Claims Inquiry (State of CA Medicaid)
Claim Inquiry form for Medi-Cal (State of CA Medicaid). Separate area (similar to Batch Payment Posting) for sending Claim Inquiry (overpayment, under payment, etc.) to an insurance company. This should generate on the Medi-Cal form template from Medi-Cal or any Mail Merge document created by the practice.
Requested Steps to define spec:
1. Billing menu
2. Claim Inquiry Module (to send a Claim Inquiry letter for any claims)
4. Select Patient(s) and Sequence(s) to send Claim Inquiry (up to 4 patients) (similar to Batch Payment Posting)
5. Select (5) Claim Type (01 Pharmacy, 02 LTC, 03 Hospital Inpatient, 04 Hospital Outpatient/Clinic, 05 Physician/Allied, 07 Vision)
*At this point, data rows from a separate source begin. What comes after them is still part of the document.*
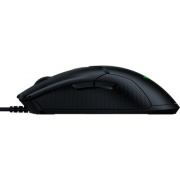фото Мышь Razer Viper 8KHZ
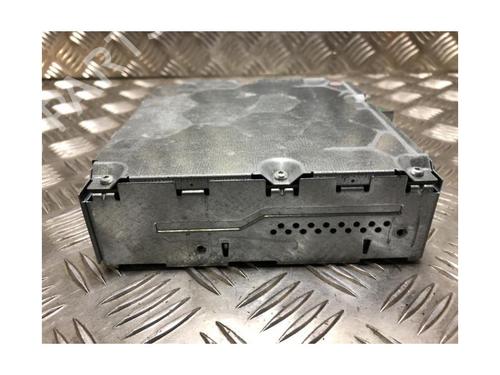 Radio AUDI A5 Sportback (8TA) S5 quattro | BP23457188E6 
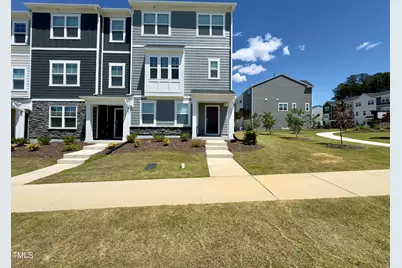 1797 Sweet Gardenia Way, Apex, NC 27502 - Photo 1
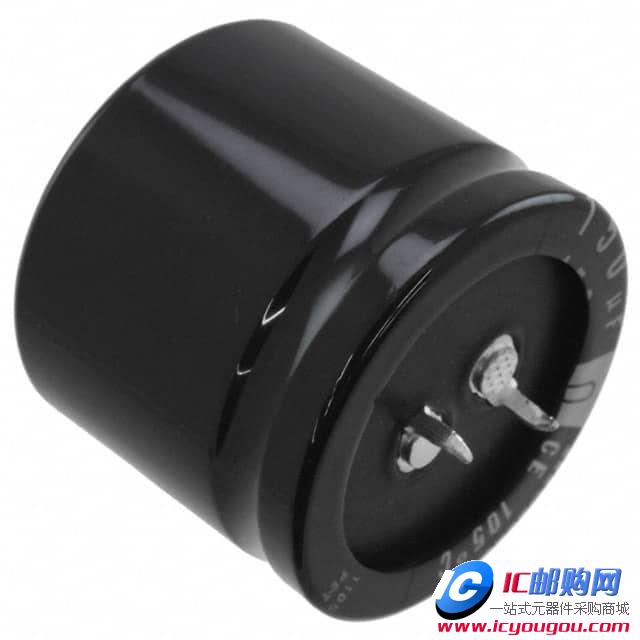 LGR2W151MELC30�DƬ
6. Select (6) Delete (if needed)
7. Enter (9) Claim Control No. for each Date of service
7. Select type of Inquiry (10) Attachment (11) Underpayment (12) Overpayment
8. Enter (14) NDC/UPIN or Procedure Code
9. Select (15) Enter Amount Billed
10. Enter REMARKS relating to claim
Expected Result:
Box (3) Provider Name/Address, (4) Provider No. (Provider/Practice Ins No.), (7) Patient Name, (8) Patient’s Medi-Cal No. (Policy #) (13) Date of Service, to auto-populate based on Plan Set from sequence
Boxes (5), (6), (9), (14), (15), REMARK, to allow user to manually enter data.
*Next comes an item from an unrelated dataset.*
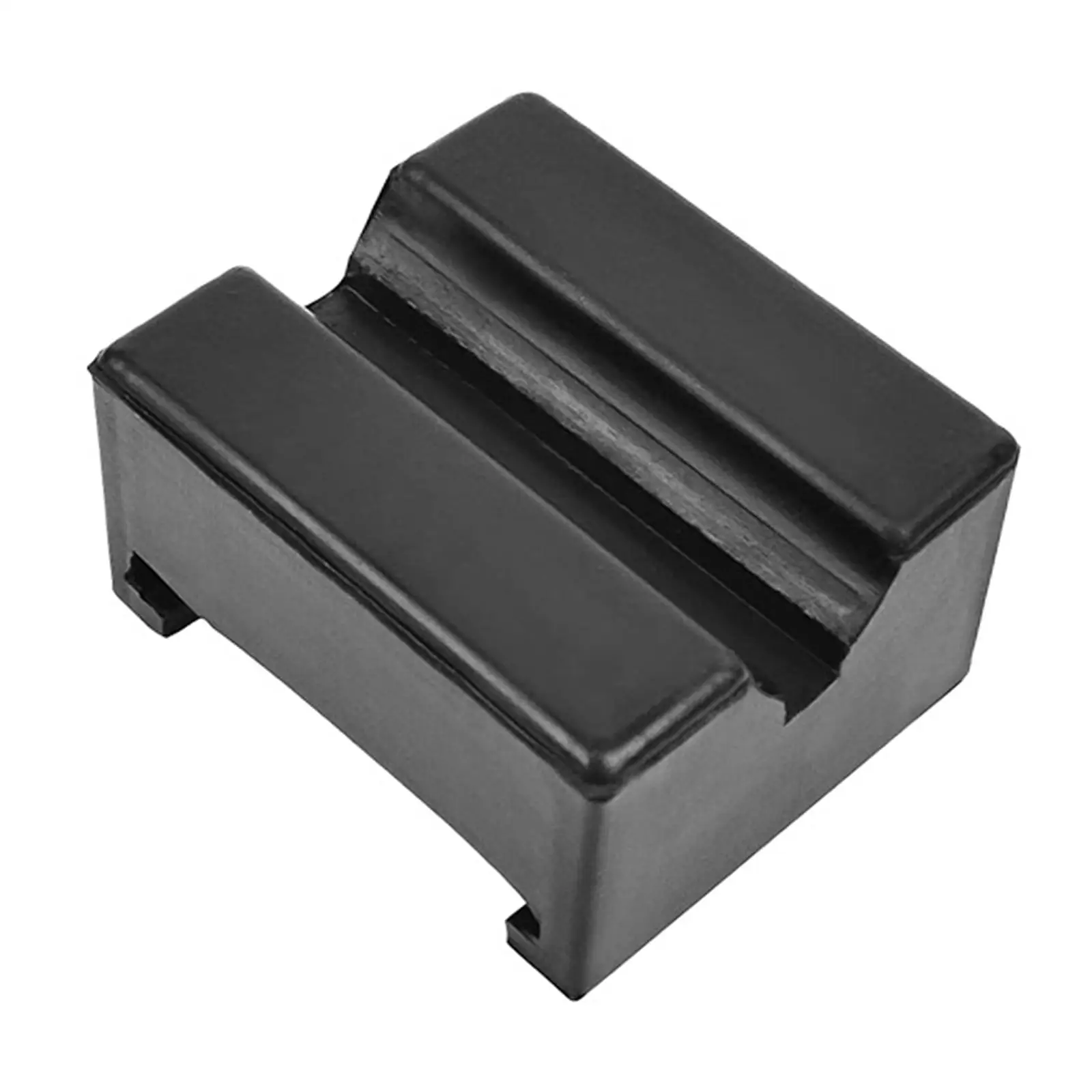 

Подставка для автомобильного гнезда, резиновая подставка, аксессуары, запасные части, прочная подставка для гнезда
All data entered should print on the Claim Inquiry form provided by Medi-Cal in the correct fields. For other insurance plans, user can select the mail merge document created by practice.
Current Result:
N/A
Impact on Workflow:
High, this can speed up the Claims Inquiry request process for the client. They will not have to type information individually onto each form by hand writing information.